[CoCo] 720kb vs 1.4mb 3.5" disks

KnudsenMJ at aol.com KnudsenMJ at aol.com
Sat Dec 13 00:06:55 EST 2003


In a message dated 12/12/03 10:01:25 PM Eastern Standard Time, wb8tyw at qsl.net 
writes:

> Most of the issues come from operating systems deferring updates to the 
>  disk from having large file cache memory.
>  The COCO does not have lots of memory to buffer up I/O, so it is less 
>  likely to have a power interruption at a critical time that would leave 
>  orphaned space.

Funny -- Coco's small RAM became a virtue here.  But ISTR that OS-9 and OS-K 
have a deliberate design philosophy of no such write deferrals, so power 
losses and other crashes cannot trash the file system or even one file (unless it 
was being written at the moment).  The price, of course, is the slow disk 
writing we all suffer thru under OS-9 -- I think it writes one sector, updates the 
FAT, writes another, hits another FAT bit, etc.  But very safe.

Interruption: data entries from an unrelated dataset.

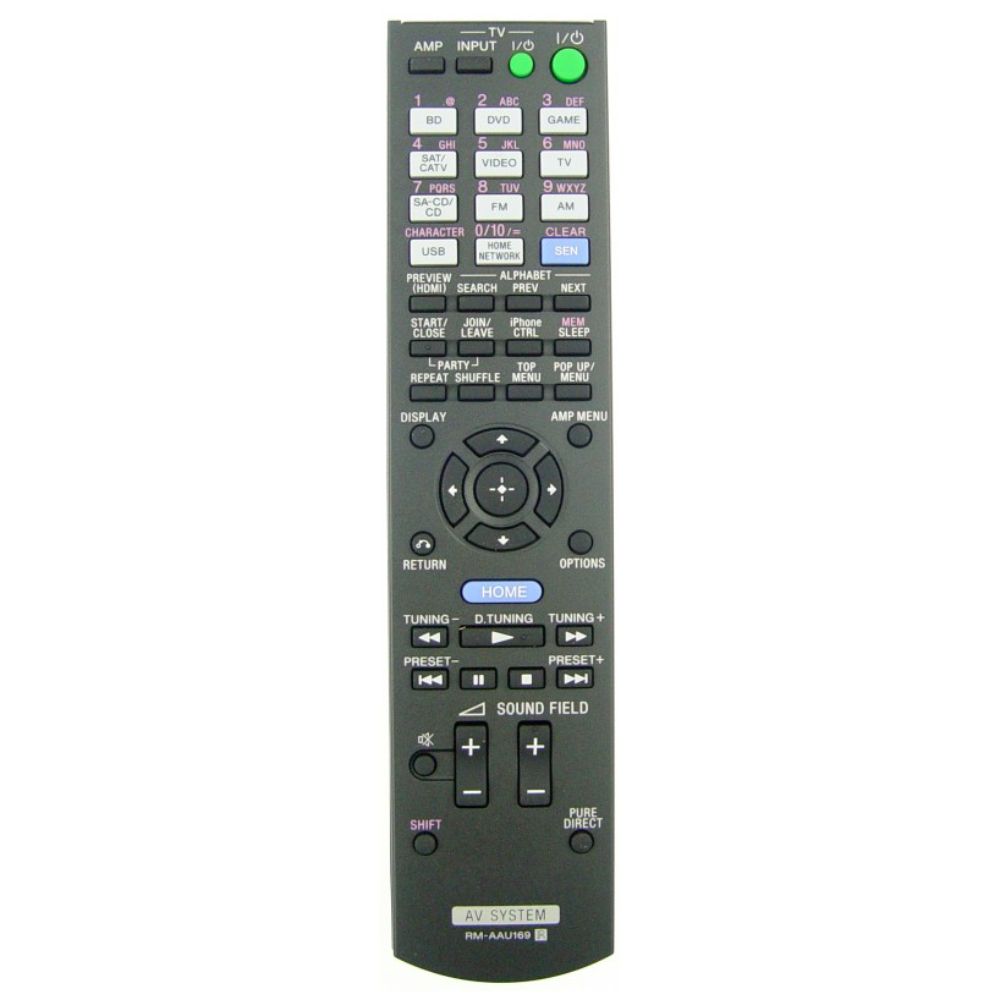 SONY RM-AAU169 - helyettesítő távirányító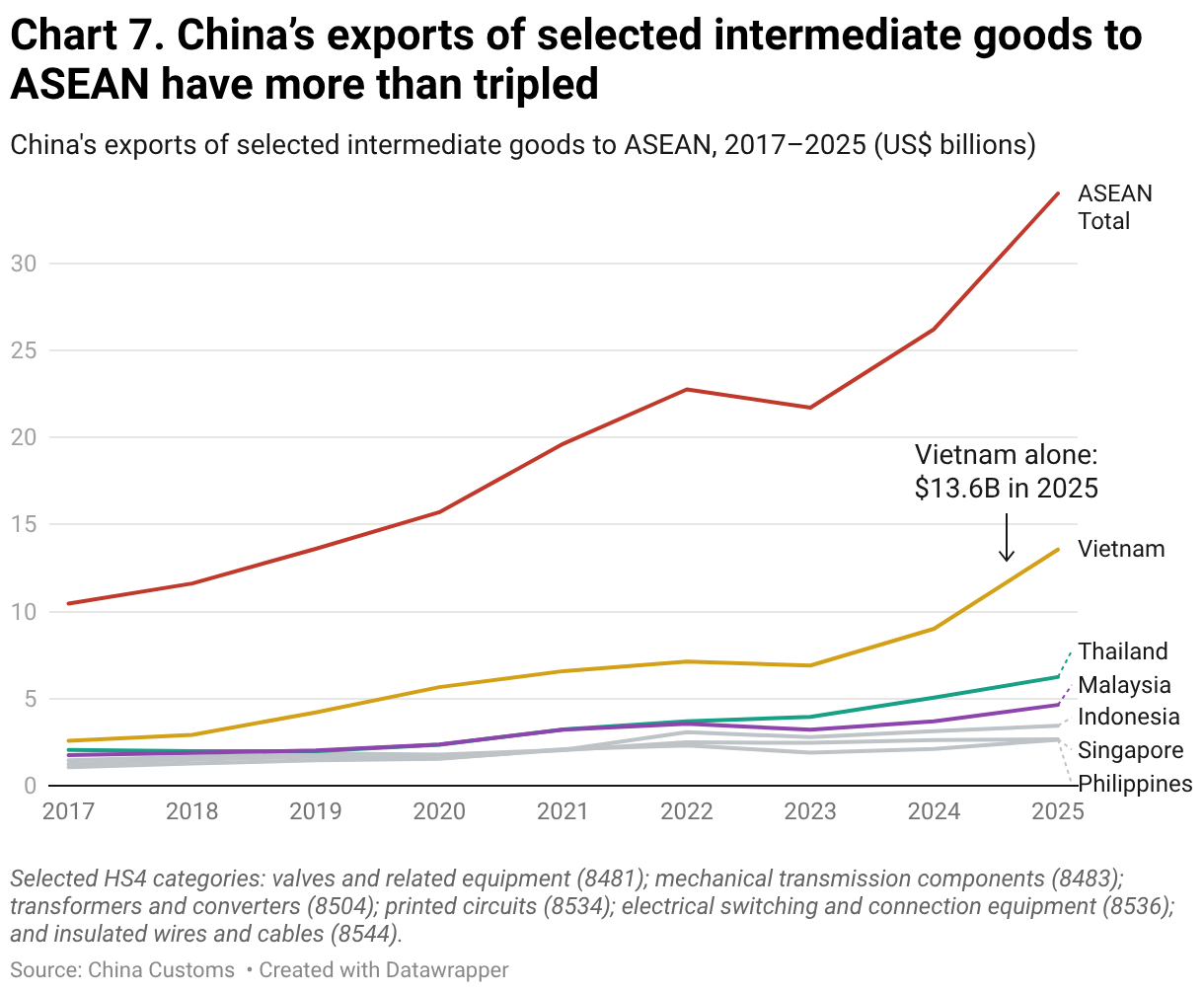 Chart 7. China’s exports of selected intermediate goods to ASEAN have more than tripled (Line chart)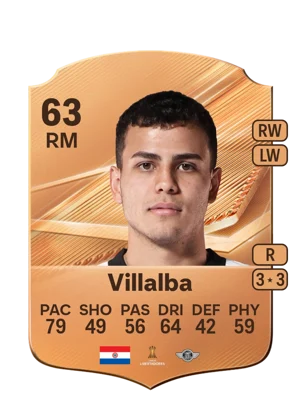 Villalba - 63 - Rare EA FC 27 card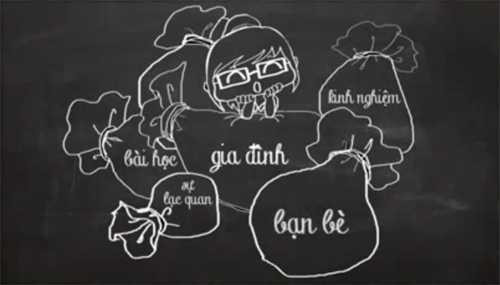 Dân mạng đồng cảm clip 'Tôi rớt đại học'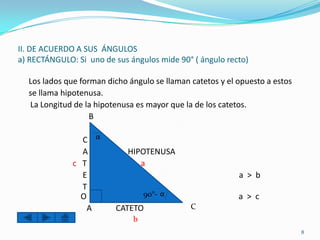 II. DE ACUERDO A SUS ÁNGULOS
a) RECTÁNGULO: Si uno de sus ángulos mide 90° ( ángulo recto)

  Los lados que forman dicho ángulo se llaman catetos y el opuesto a estos
  se llama hipotenusa.
  La Longitud de la hipotenusa es mayor que la de los catetos.
                   B

                C α
                A            HIPOTENUSA
              c T               a
                E                                          a > b
                T
                O                 90°- α                   a > c
                  A      CATETO               C
                              b
                                                                             8
 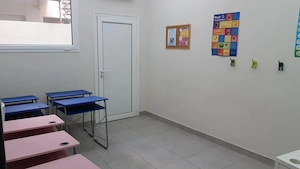 Spatiu comercial de inchiriat in zona Titan - imagine 5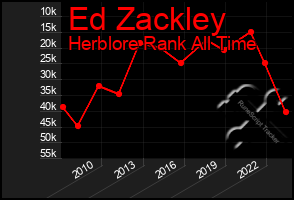 Total Graph of Ed Zackley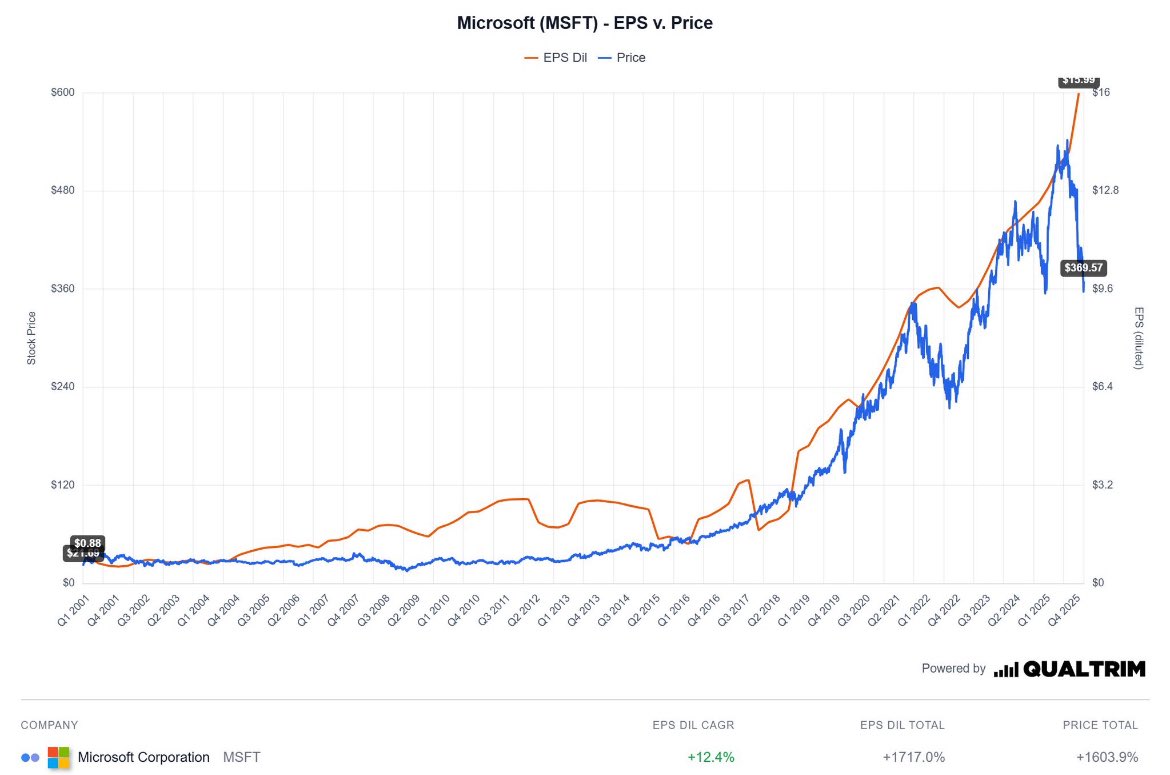 Je suis déjà pas mal exposé à la tech, mais je pense ouvrir une ligne $MSFT.

Le marché est parfois irrationnel, mais les bénéfices ne mentent jamais. 

Regardez ce graphique de Microsoft : la corrélation entre le prix (bleu) et le bénéfice par action (orange) est quasi parfaite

>  If there is not a utility to check the integrity of the OS-9 file 
>  system, then there should be.

There's a stock one under OS-K, but ask me its name and I'll flash my AARP 
card.  It collects orphaned sectors, catches sectors allocated to more than one 
file (bad!), etc.  Maybe it's called DCHECK, same as in DOS.  And ISTR there's 
a watered-down version under OS-9 too.
  
>  The only issue I ever heard about that is long term storage of the 
>  floppies with the heads clamped down was bad.

It's physically the same issue.  Early Tandy drives had no head-load 
solenoid, so the head was clamped against the disk all the time that the lever was 
clamped over.  That would put a "dimple" in your diskette.

  Later drives only load the head against the surface when the solenoid is 
energized by the driver software, and your drive can be set to unload the head 
when the disk is not doing I/O.  Power failure causes the head to retract -- 
hopefully *before* any glitches get to the heads.

Newer hardware seems to be more forgiving.  --Mike K.